YOUR TASK:
Leaving out all pictures, copy the lines below exactly, from the line with "5 Safe And Painless" to the last line, both ends included.
Start of PROVIDED DATA
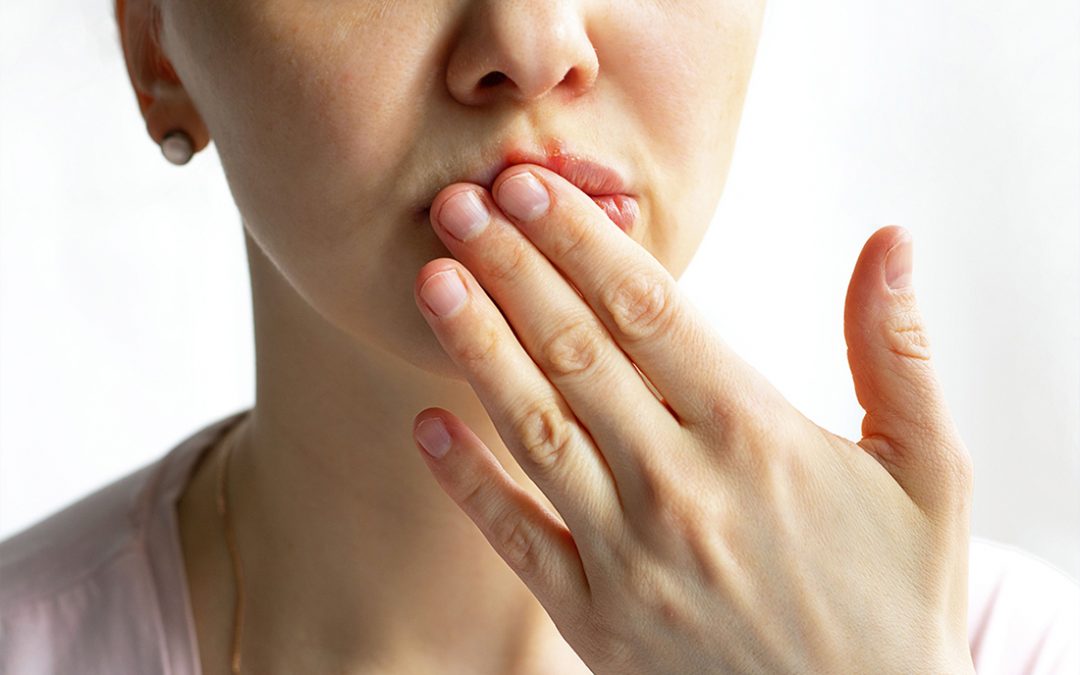 ¿Cómo puedes prevenir y curar las aftas bucales?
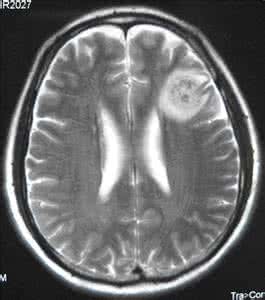 非小细胞肺癌脑转移用什么靶向药 (小细胞肺癌脑转移吃什么靶向药)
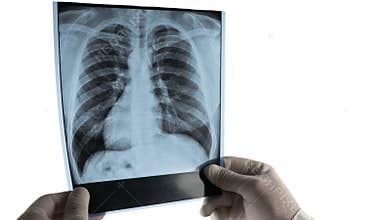 Human lungs x-ray on a white background  the doctor analyzes an x-ray of the lungs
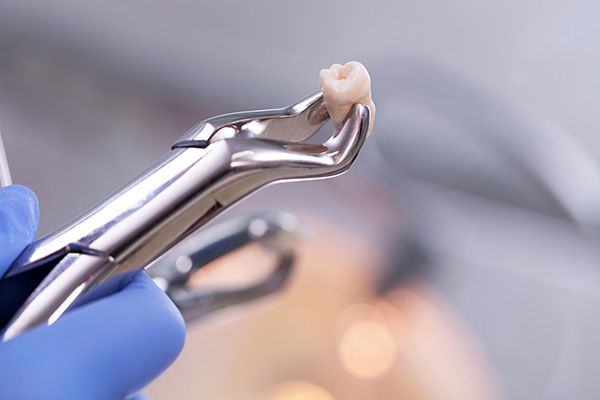 Tooth Extraction in Atlanta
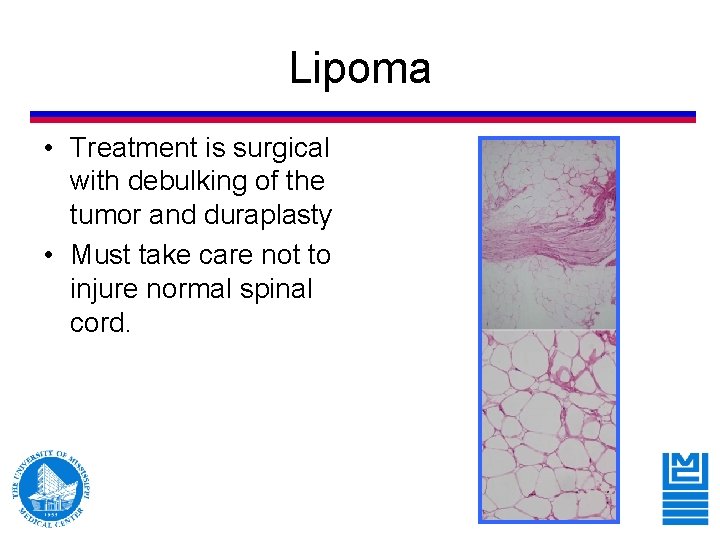 Lipoma • Treatment is surgical with debulking of the tumor and duraplasty • Must Lipoma • Treatment is surgical with debulking of the tumor and duraplasty • Must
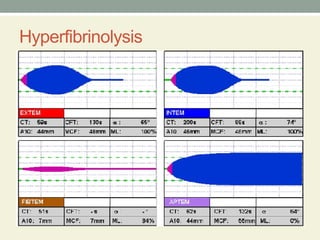Teg Rotem Machine Comprehensive Overview of Thromboelastography (TEG) and Rotational ...
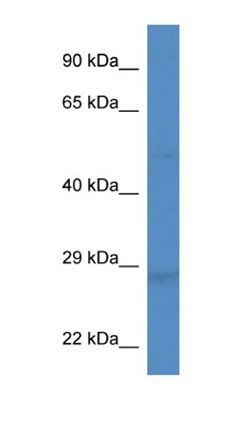 Dkk2 antibody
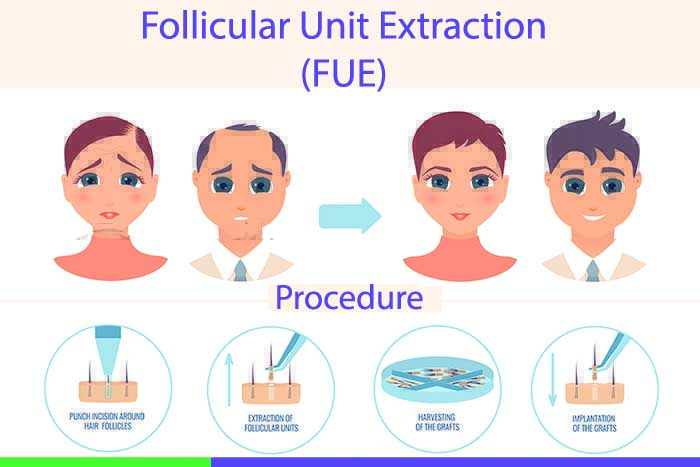 Follicular unit extraction (FUE) 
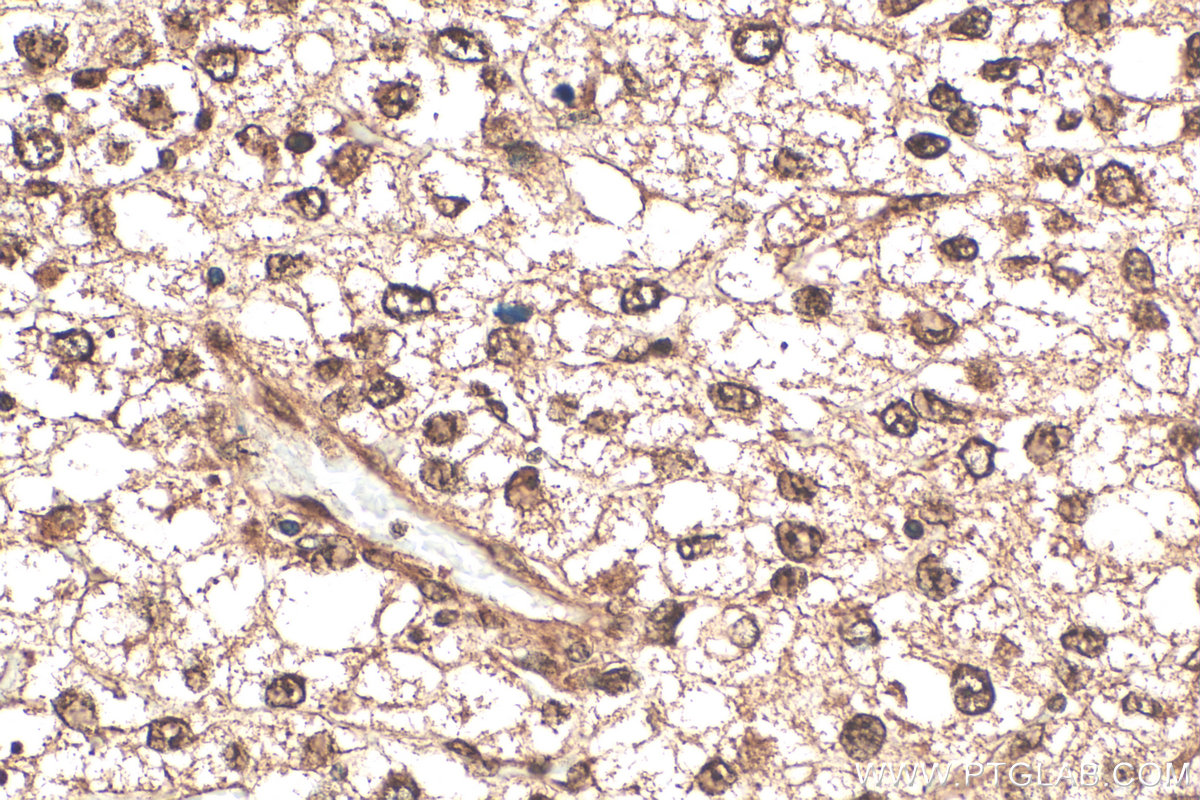 IHC staining of human pancreas cancer using 12230-2-AP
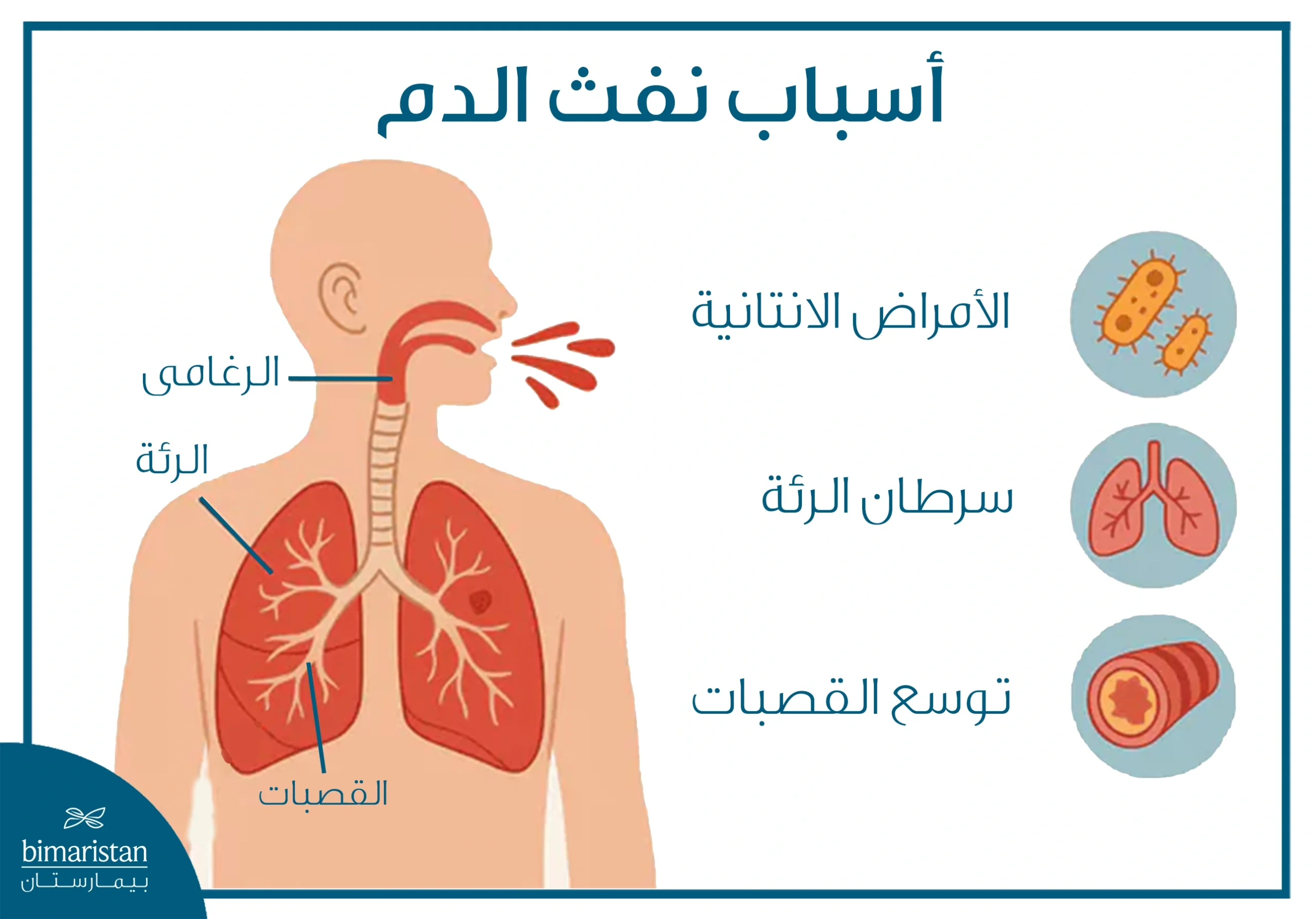أسباب نفث الدم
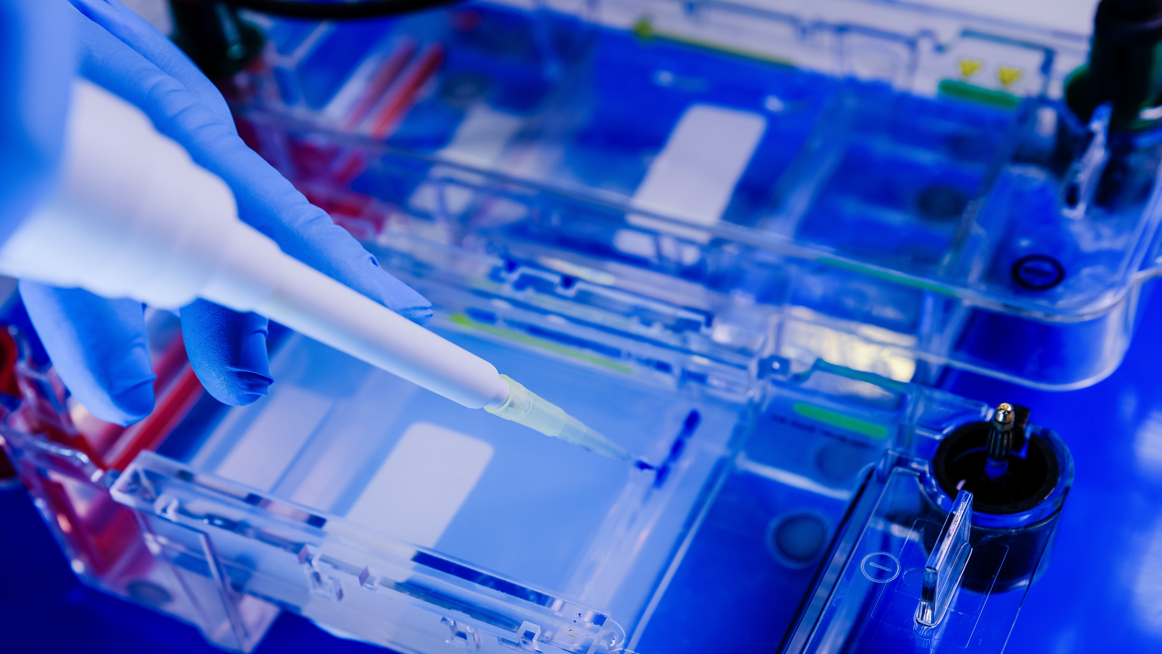 Protein Electrophoresis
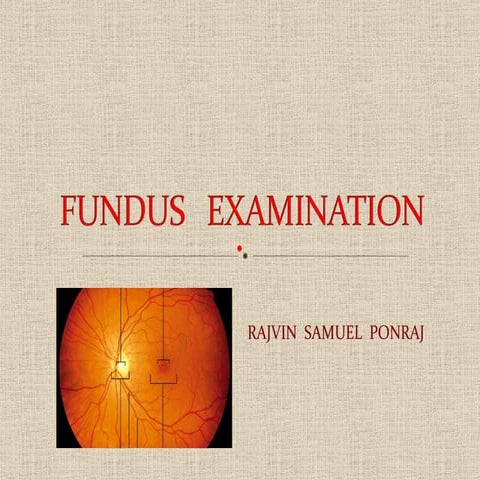 Fundus examination
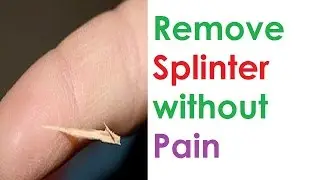 5 Safe And Painless Ways To Remove And Treat A Splinter | How To Remove A Splinter Without Pain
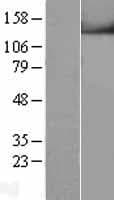 Human TRPM4 Protein (Over-Expression Lysate Myc-DDK (Flag))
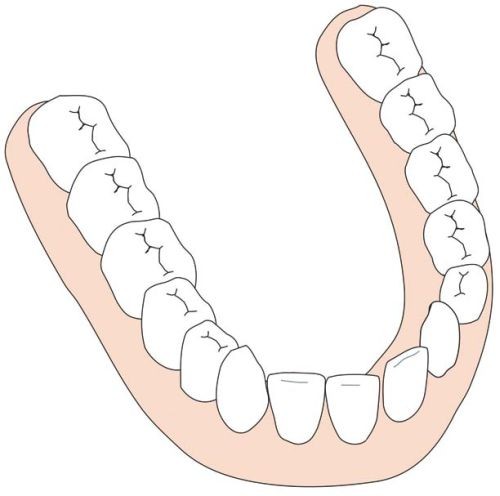 H2 Problemen En Hun Oplossingen Springerlink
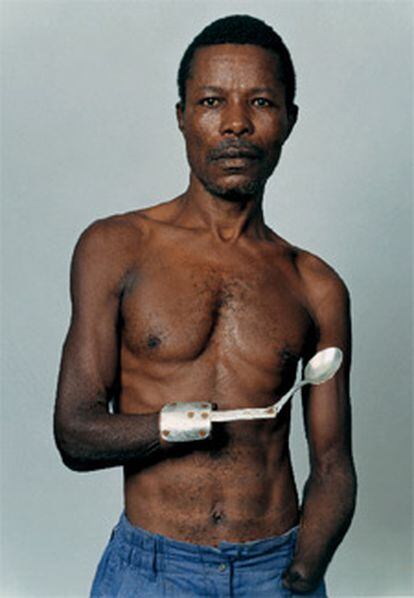 Mustafá Mandalay, amputado por los rebeldes de Sierra Leona.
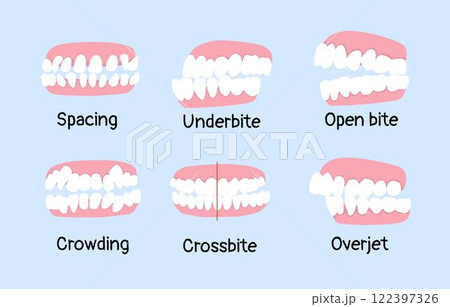 spacing, underbite, open bite, crowding, crossbite, overjet list of orthodontic dental problem 122397326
End of PROVIDED DATA
WRITTEN SOLUTION:
 5 Safe And Painless Ways To Remove And Treat A Splinter | How To Remove A Splinter Without Pain
 Human TRPM4 Protein (Over-Expression Lysate Myc-DDK (Flag))
 H2 Problemen En Hun Oplossingen Springerlink
 Mustafá Mandalay, amputado por los rebeldes de Sierra Leona.
 spacing, underbite, open bite, crowding, crossbite, overjet list of orthodontic dental problem 122397326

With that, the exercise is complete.